Although sabermetrics were met with trepidation initially in big-league front offices, Beane’s ways are now ubiquitous in player evaluation throughout professional baseball. Every MLB team employs some sort of analytics department, and there is a great deal of data accessible to such experts, including nearly limitless access to a player’s performance in every count and Statcast, a highly advanced tool that measures players’ every move.
But it has taken a while for the movement to gain a foothold at lower levels due to the insufficiency of data-driven resources, causing a lack of depth and breadth in statistical evaluation. The college baseball season is only about a third of the length of the major-league season, resulting in too small of a sample size to show true correlation, and most college teams lack the finances to employ full-time statisticians to give their squads a competitive edge.
Despite the lesser volume of data that Duke has access to in comparison to that of many of the MLB teams who use sabermetrics religiously, head coach Chris Pollard still sees more in-depth statistics as having a key role for his squad.
“I believe in analytics. I believe in making decisions based on science and what it can tell you. We try to embrace technology in our program, not only in our player development, but also in terms of using it as a metric to evaluate guys,” Pollard said. “It’s been proven very poignantly and vividly over the past five years in the game of baseball at all levels that offense and in particular run production is not predicted by just batting average.”

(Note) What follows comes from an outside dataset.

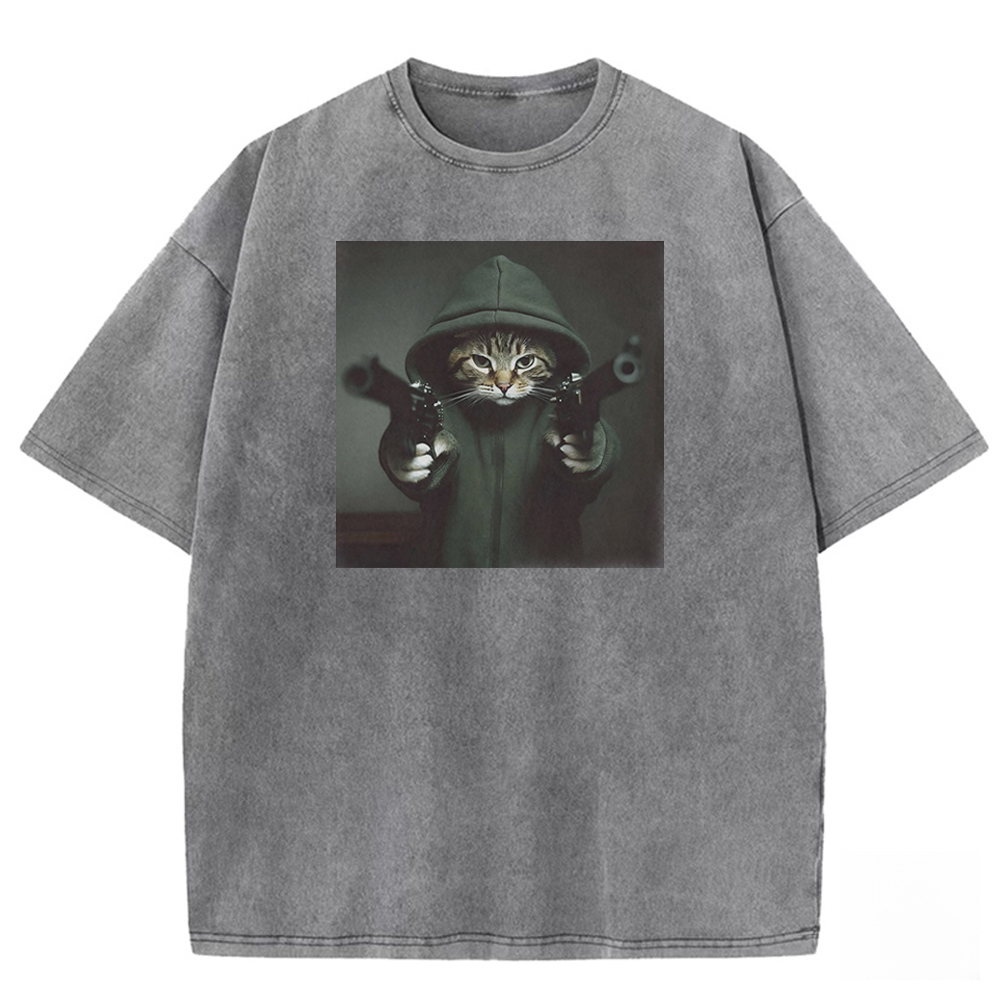 Camouflage Commander Washed T-shirt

Although Pollard’s embrace of sabermetrics seems to be a positive step in terms of using a data-driven approach to player evaluation, there is a distinction between theory and execution. A number of amateur coaches recognize that analytics more accurately assess a player’s value, but those tools are rarely used due to a lack of accessible statistics.
Perhaps the most comprehensive offensive tool used in professional baseball is wRC+. This statistic, created by FanGraphs, is calculated by using a complex formula that attempts to measure a player’s run production, adjusting to numerous factors such as stadiums’ run-producing environments and the current offensive state of the game, and scales in comparison to the league average.

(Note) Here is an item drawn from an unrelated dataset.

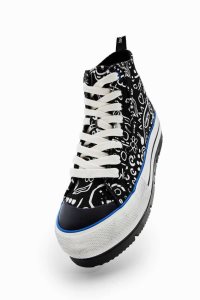 Desigual Platform high-top with illustrations Naisten Tennarit | DIMWP6928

Because of the obvious infeasibility of a measure of this kind being implemented at a college level, teams like Duke need to get creative in their statistical assessments.
“In lieu of batting average, we talk a lot about what we call a team at-bat average or a quality at-bat average. We call them TABS—that is the ability to go up to the plate and do something to keep the train moving,” Pollard said. “Maybe it’s a sacrifice, hit and run, moving a runner into scoring position, or an extended at bat that forced the pitcher to throw a lot of pitches. These can be things that may not necessarily show up in OPS, on base percentage or slugging percentage, but are still important keys to pushing runs across the plate.”
TABS provides a unique intersection between a sabermetric approach—it is a data-driven approach to assessing a player’s performance—and a more traditional take. TABS still values tactics neglected by a majority of sabermetric measures, such as sacrifices and hit and runs.
Pollard’s willingness to heed to both traditional and innovative approaches is a good omen for the Duke program—the team has a leader who has neither dug his heels into his prior ways nor jumped at declaring any new sabermetric idea the new evaluative gold standard for his team.
“Ultimately, a good offense isn’t one that hits .330 or gets a certain amount of stolen bases, but one that scores a lot of runs,” Pollard said. “That’s why you do those things: to score runs.”